Are they cats? If so how did they get to be elevated to experts? Was there some sort of job application process? Maybe a beauty parade or were only the fattest or hungriest cats chosen for this accolade. Someone told me they thought the cat food testing experts were in fact humans but again if that is true how does one become an expert on food for cats?
So I started to wonder then about all this expert stuff and more importantly how do we decide who is an expert and who isn’t. I, certainly, like most people receive lots of emails purporting to be from experts in social media, email marketing and website development. How can we sort our experts from those we believe in to those who just tell us they are experts. Kim Davis of Sarsaparilla Marketing says she started her marketing business with tag line ‘protecting companies from the three Fs Flash, Fluff and Fakers’ because too many people are around offering help and advice with little more than a day more than you in knowledge. To be sure I am talking to an expert I need to meet them and spend time with them. I need to take soundings from other people before I am convinced of their worth.
So do you trust experts?
Do you have a favourite expert you are working with right now? How did you choose them and how did you know they were right for you.

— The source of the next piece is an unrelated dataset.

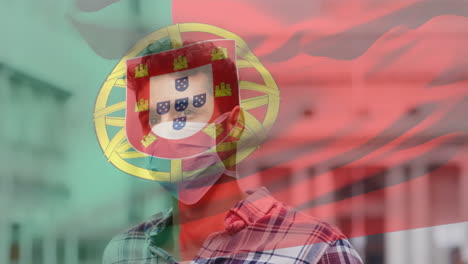 animation of flag of portugal waving over man in face masks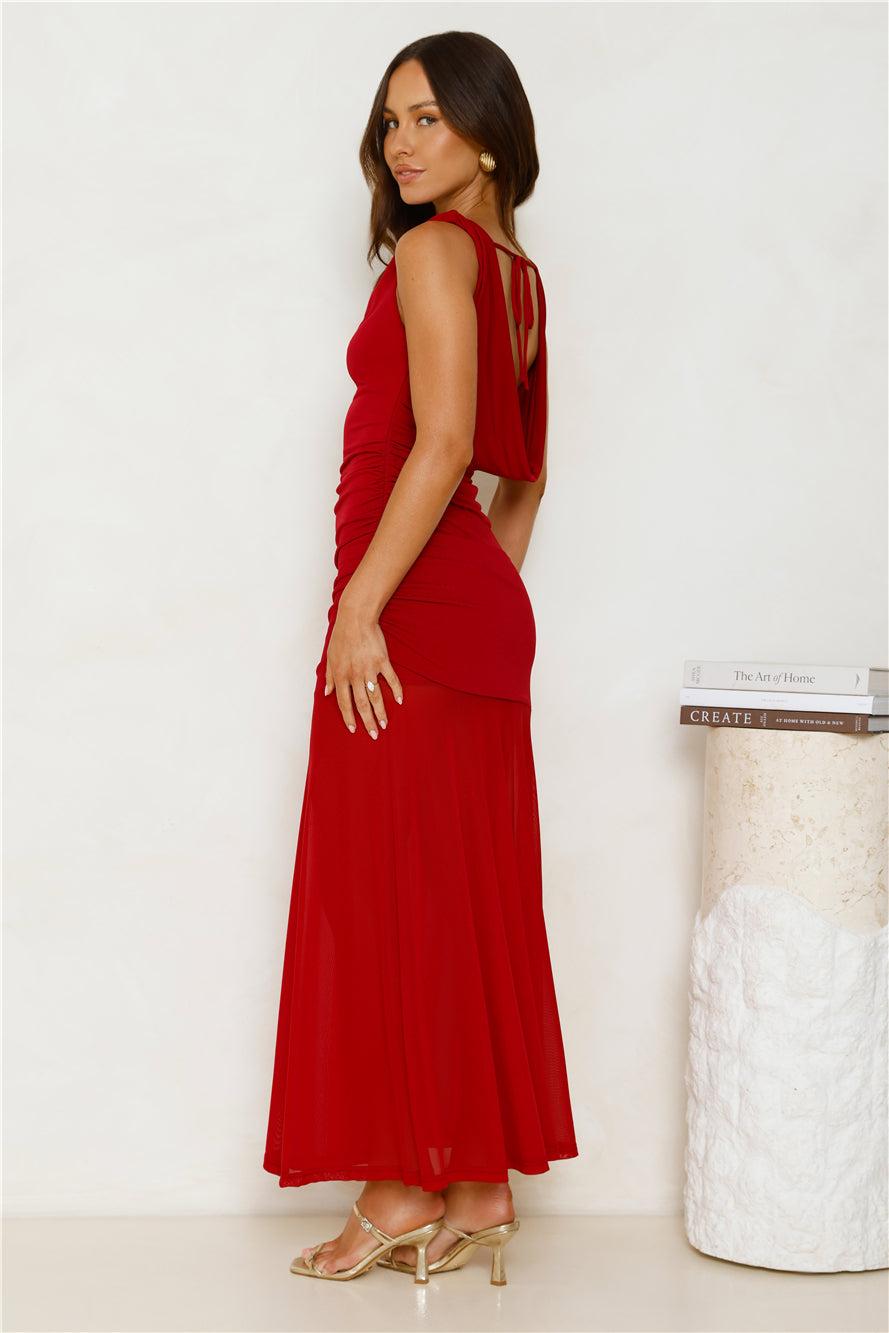 Honey Drizzle Mesh Maxi Dress Red Product Image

I don’t want to disappoint you but my cats were not impressed with the new brand despite my explaining to them the experts test. We have returned to our former and more expensive brand and peace reigns again in our household.
Charlotte Mannion is the founder and a director of Quick Learn Limited a small communications consultancy based in Wiltshire. She is the author of a number of Useful Guides covering Report Writing, Public Speaking, and Mentoring as well as How to Give the Perfect Wedding Speech.




According to author Malcolm ‘Tipping Point’ Gladwell, an expert really needs to have a minimum of 10,000 hours of core experience at their discipline. In fact, I don’t think Malcolm was the original person to come up with this (Freakonomics rings bells), but the general consensus is that 10,000 hours is what you need.
Quite frankly, any cat or human that has spent 10,000 hours eating cat food is either a very slow eater or has a real problem.
Just to make this clear to your readers – 10,000 hours is the equivalent of 4 hours a day 5 days a week….. for just about 10 years (and that’s without taking holidays). So that probably rules out any Social Media exponents from calling themselves ‘experts’, but does just about let in website developers and email marketers.
Of course, you may just say that an expert is someone who knows a little more than someone who is very good at something… but how do you know?
Thanks Martin for your comments. It does throw up a hideous picture of anyone eating for 10,000 hours. I must read Malcolm’s book to confirm my thoughts on experts!